INFORMATION SUPPLIED -
-*-
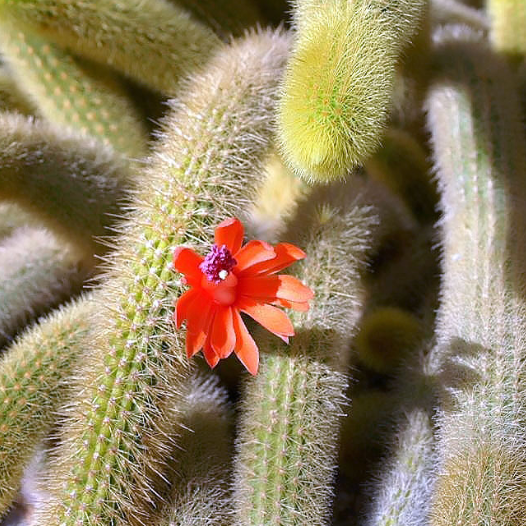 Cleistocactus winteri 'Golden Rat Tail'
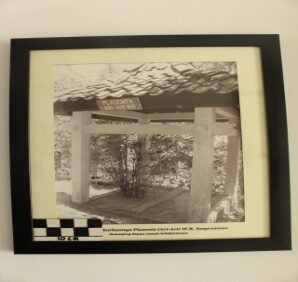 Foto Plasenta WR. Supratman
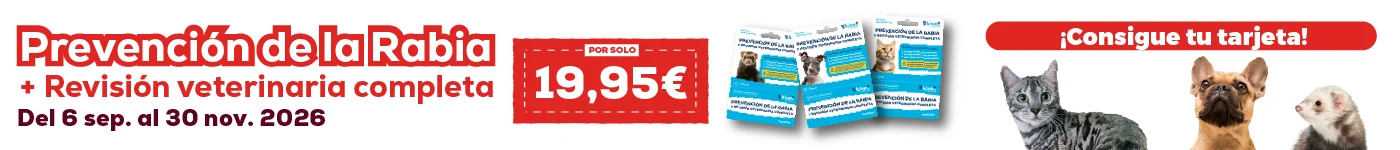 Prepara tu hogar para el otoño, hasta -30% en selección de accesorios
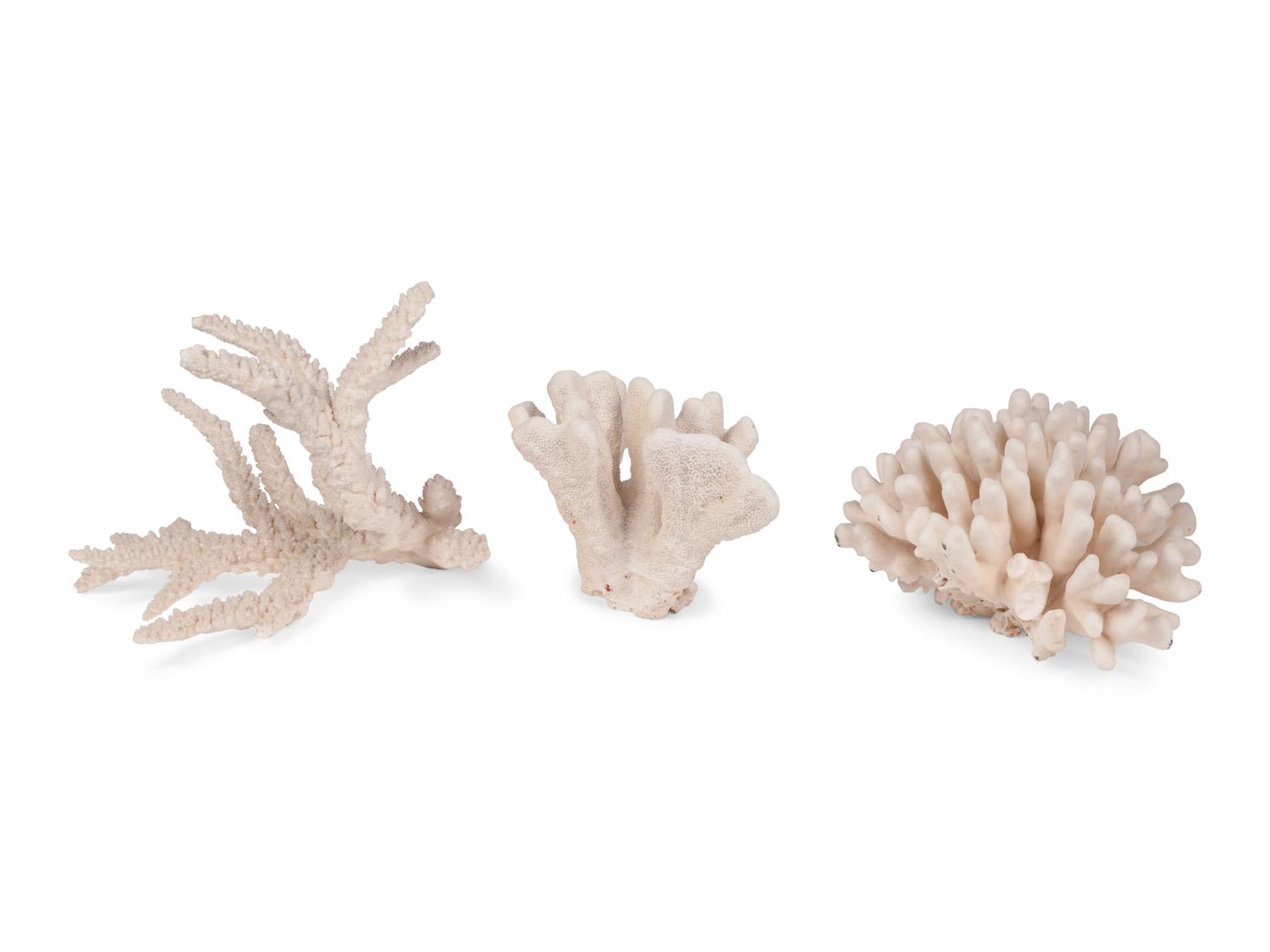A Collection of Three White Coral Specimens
-*-
REQUIRED ACTION -
Nothing should appear in the answer except the lines from the one containing "Prepara tu hogar" through the last line of the listing, given again exactly and with no pictures.

TASK RESPONSE -
 Prepara tu hogar para el otoño, hasta -30% en selección de accesorios
A Collection of Three White Coral Specimens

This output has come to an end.